» **Exercise description**
With pictures left out, output exactly the lines of the listing below from the line that has "AXEPEAK Camiseta de" to the line that has "Биде Iberica Blanca", both lines kept.

» **Records to use**
───
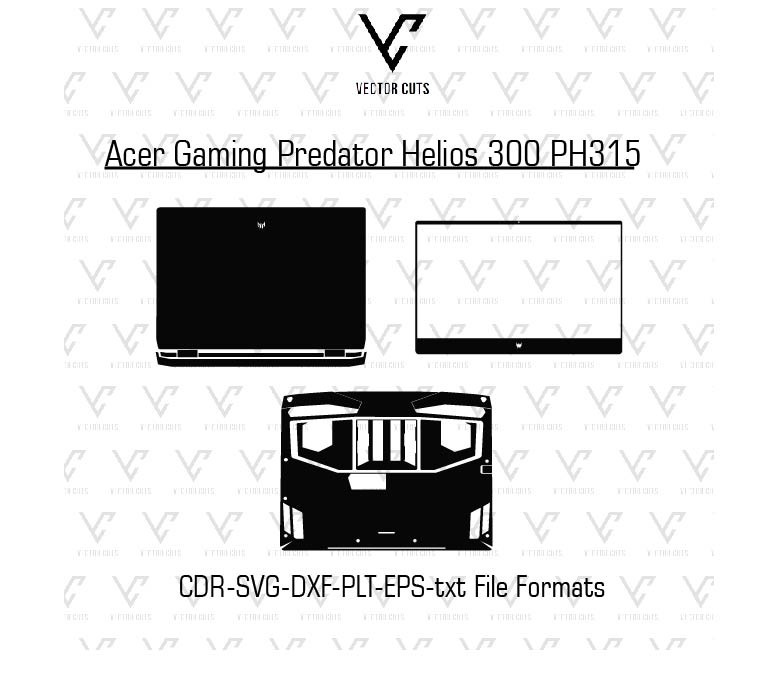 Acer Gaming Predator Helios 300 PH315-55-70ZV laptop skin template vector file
───
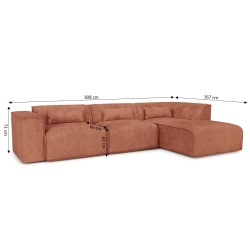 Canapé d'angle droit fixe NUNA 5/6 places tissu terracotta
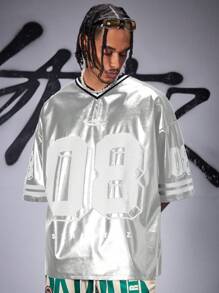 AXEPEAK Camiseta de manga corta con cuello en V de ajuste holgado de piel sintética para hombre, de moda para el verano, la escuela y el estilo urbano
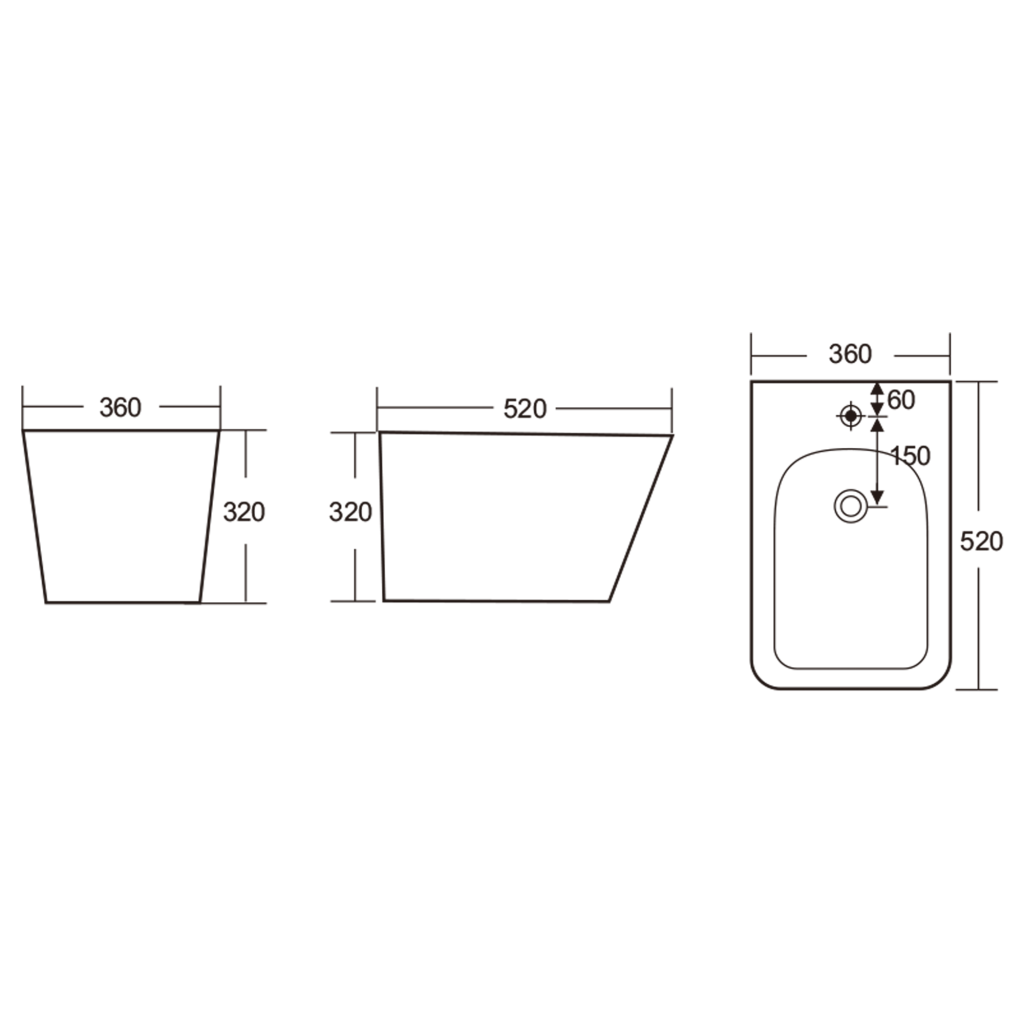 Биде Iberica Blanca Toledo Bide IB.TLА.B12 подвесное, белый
───
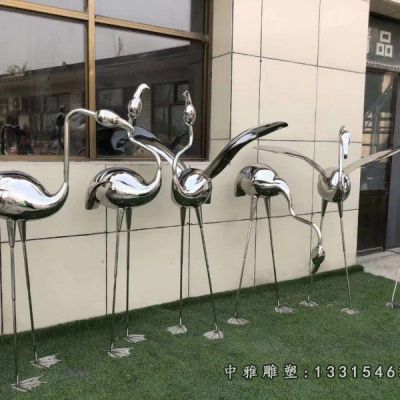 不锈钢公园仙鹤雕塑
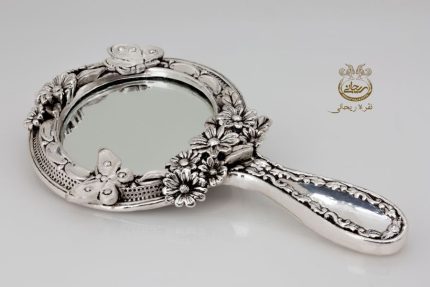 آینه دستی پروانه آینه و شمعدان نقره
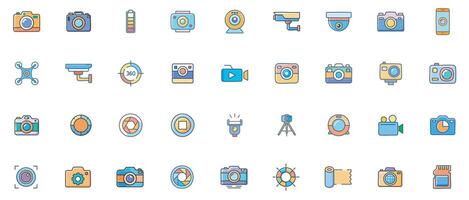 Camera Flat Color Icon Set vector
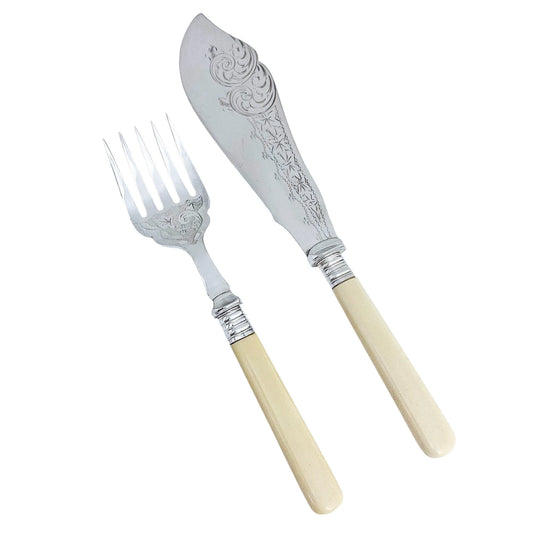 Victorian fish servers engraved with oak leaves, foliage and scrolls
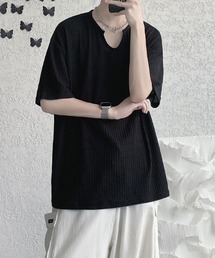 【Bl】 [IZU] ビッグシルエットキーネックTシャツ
───
» **Result**
 AXEPEAK Camiseta de manga corta con cuello en V de ajuste holgado de piel sintética para hombre, de moda para el verano, la escuela y el estilo urbano
 Биде Iberica Blanca Toledo Bide IB.TLА.B12 подвесное, белый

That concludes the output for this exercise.